Pumpkin? Blueberry?? Muffins??? How can these be LOW CARB?
Don’t panic – these protein-packed muffins are low carb and super delicious. They’re also full of beta carotene, which is a precursor to vitamin A and plays an important role in skin care and eye health. Plus, pumpkin is delicious. Like, really delicious.
Blueberry Pecan Pumpkin Protein Muffins
Ingredients
- 1 egg
- 1/2 cup pumpkin puree
- 4 oz (1/2 package) Neufchatel cheese (or cream cheese or mascarpone)
- 2 scoops (~60g) Vanilla Protein Powder - I used Jay Robb for this
- 1 1/2 tbsp Five Spice blend
- 1/4 cup (28g) pecans, finely ground (you can also use some as garnish!)
- 1 tbsp freeze dried blueberries
Method
- Preheat oven to 350F and line a muffin tin (or use a silicon one!).
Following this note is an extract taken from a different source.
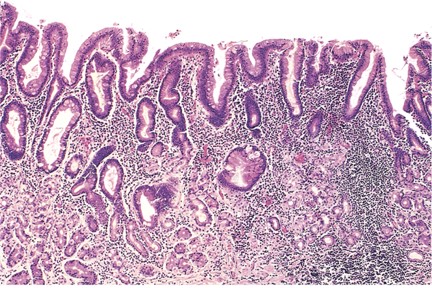 <p>Histopathology of Chronic Gastritis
- Mash together neufchatel and pumpkin puree, with spices until thoroughly combined.
- Stir in egg completely.
- If not using pecan flour, grind pecans. I actually use this coffee grinder to make nut flours in small batches, and it works great!
- Mix in ground pecans and blueberries until even.
- Scoop into 6 wells of the muffin tin. If you have extra whole pecans, feel free to use one on the top of each muffin as a garnish.
- Bake for 20 minutes, until completely cooked throughout, and golden brown on top. Let cool for at least five minutes before removing.
- Store in fridge.
Notes
If you only have unflavored whey, 60g of whey + 1 tsp vanilla + 1/4 tsp powdered stevia (or 10 drops liquid stevia) works as a replacement!